Acrylic acid is generally produced by a two-step oxidation process which comprises catalytically reacting propylene with oxygen at high temperature in the presence of a catalyst to produce acrolein and then catalytically reacting the acrolein with oxygen.
In recent years, however, processes for producing acrylic acid from propane through one-step oxidation are being studied in order to reduce the cost of acrylic acid production. The main subject in these studies is to seek for catalysts which give acrylic acid in high yields. Oxidation reaction catalysts for obtaining acrylic acid from propane (hereinafter referred to as "catalysts for acrylic acid production") have been proposed.
Examples thereof include a Bi--Mo--V oxide (see U.S. Pat. No. 5,198,580), an Mo--V--Te oxide (see JP-A-7-10801 and JP-A-6-279351), an Mo--Sb--P oxide (see U.S. Pat. No. 4,260,822), a V--P--Te oxide (see JP-A-3-70445 and Catal. Today, Vol. 13, 679 (1992)), and a Bi--Mo--V--Ag oxide (see JP-A-2-83348). (The term "JP-A" as used herein means an "unexamined published Japanese patent application".)
Among the catalysts enumerated above, those with which acrylic acid is obtained in high yields are the Bi-Mo-V oxide and the Mo--V--Te oxide. In the references disclosing the former catalyst, there is a description to the effect that acrylic acid can be produced in a yield of 5% with a selectivity of about 28%. In the references disclosing the latter catalyst, there is a description to the effect that acrylic acid can be obtained in a yield of from 35 to 40% with a selectivity of from 55 to 60%.
In general, the performance of a catalyst does not solely depend on the kinds and proportions of the constituent metals, but considerably depends also on the valences and crystal structures of the constituent metals. It is generally known that the valences and crystal structures of constituent metals contained in catalysts vary depending on catalyst production processes.
The aforementioned Bi--Mo--V oxide catalyst or Mo--V--Te oxide catalyst for acrylic acid production is also produced by a technique intended to impart excellent catalytic performance. Specifically, the technique employed for producing the catalyst comprises evenly mixing telluric acid, ammonium paramolybdate, ammonium metavanadate, or bismuth triacetate, in a heated aqueous medium, evaporating the water to obtain a solid mixture, and calcining the solid mixture at 400 to 600.degree. C. A technique known to be effective in enhancing catalytic performance comprises mixing compounds of antimony, niobium, vanadium, and molybdenum in a heated aqueous medium to obtain a slurry and mixing this slurry with a separately prepared slurry containing a bismuth compound and a molybdenum compound (see U.S. Pat. No. 5,198,580).

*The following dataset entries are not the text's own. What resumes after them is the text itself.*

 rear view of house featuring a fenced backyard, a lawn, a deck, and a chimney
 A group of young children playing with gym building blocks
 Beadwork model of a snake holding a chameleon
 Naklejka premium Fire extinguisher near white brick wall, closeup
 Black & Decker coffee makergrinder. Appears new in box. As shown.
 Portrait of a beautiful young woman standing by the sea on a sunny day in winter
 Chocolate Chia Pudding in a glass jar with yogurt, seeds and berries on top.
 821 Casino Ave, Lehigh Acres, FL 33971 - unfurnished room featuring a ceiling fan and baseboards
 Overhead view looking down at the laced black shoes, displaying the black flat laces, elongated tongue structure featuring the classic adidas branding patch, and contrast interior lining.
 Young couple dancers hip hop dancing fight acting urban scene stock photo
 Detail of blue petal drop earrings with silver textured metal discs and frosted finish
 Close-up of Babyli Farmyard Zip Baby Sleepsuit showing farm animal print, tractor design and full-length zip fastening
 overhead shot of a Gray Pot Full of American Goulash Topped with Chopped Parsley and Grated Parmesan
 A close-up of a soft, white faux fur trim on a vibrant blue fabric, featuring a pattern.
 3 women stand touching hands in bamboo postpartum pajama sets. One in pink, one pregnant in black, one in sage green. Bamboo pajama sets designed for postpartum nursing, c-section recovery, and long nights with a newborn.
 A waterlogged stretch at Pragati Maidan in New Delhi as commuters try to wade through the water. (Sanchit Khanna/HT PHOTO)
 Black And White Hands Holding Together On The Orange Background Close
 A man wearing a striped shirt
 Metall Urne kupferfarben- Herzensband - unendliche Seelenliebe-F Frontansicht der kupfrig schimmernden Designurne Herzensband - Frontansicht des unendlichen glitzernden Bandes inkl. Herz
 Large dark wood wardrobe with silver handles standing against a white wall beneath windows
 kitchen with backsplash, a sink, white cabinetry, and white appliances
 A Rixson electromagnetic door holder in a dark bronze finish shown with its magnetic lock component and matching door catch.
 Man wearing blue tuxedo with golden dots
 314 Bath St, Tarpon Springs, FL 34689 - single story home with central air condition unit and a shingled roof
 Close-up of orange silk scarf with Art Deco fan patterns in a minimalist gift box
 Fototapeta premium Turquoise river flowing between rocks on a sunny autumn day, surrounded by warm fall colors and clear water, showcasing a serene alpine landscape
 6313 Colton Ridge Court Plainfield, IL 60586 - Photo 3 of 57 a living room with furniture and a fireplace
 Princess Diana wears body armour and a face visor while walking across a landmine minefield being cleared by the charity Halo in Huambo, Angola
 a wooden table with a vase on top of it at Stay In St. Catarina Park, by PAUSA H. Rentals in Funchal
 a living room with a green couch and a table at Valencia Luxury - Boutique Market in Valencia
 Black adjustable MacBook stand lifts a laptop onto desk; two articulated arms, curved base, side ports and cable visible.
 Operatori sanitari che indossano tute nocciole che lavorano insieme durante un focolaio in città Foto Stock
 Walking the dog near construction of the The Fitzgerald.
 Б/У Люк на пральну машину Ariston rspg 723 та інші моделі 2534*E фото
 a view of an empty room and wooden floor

On the other hand, catalysts produced from a vanadium compound/antimony compound mixture obtained through the reaction shown by the following scheme (1) are known as catalysts not for the production of acrylic acid, but for producing acrylonitrile by oxidizing propane in the presence of ammonia, i.e., as catalysts for the ammoxidation reaction of propane. Examples of these ammoxidation catalysts include a V--Sb metal oxide (see U.S. Pat. No. 5,498,588 and JP-A-2-180637) and an Mo--V--Sb metal oxide (see JP-A-9-157241). EQU V.sup.+5 +Sb.sup.+3 .fwdarw.V.sup.+3 +Sb.sup.+5 (1)
The above reaction is usually conducted using a compound of trivalent antimony, e.g., antimony trioxide, and a compound of pentavalent vanadium, e.g., ammonium metavanadate, in an aqueous medium at a temperature of 80.degree. C. or higher.
However, reaction (1) shown above has not hitherto been employed for producing a catalyst for acrylic acid production.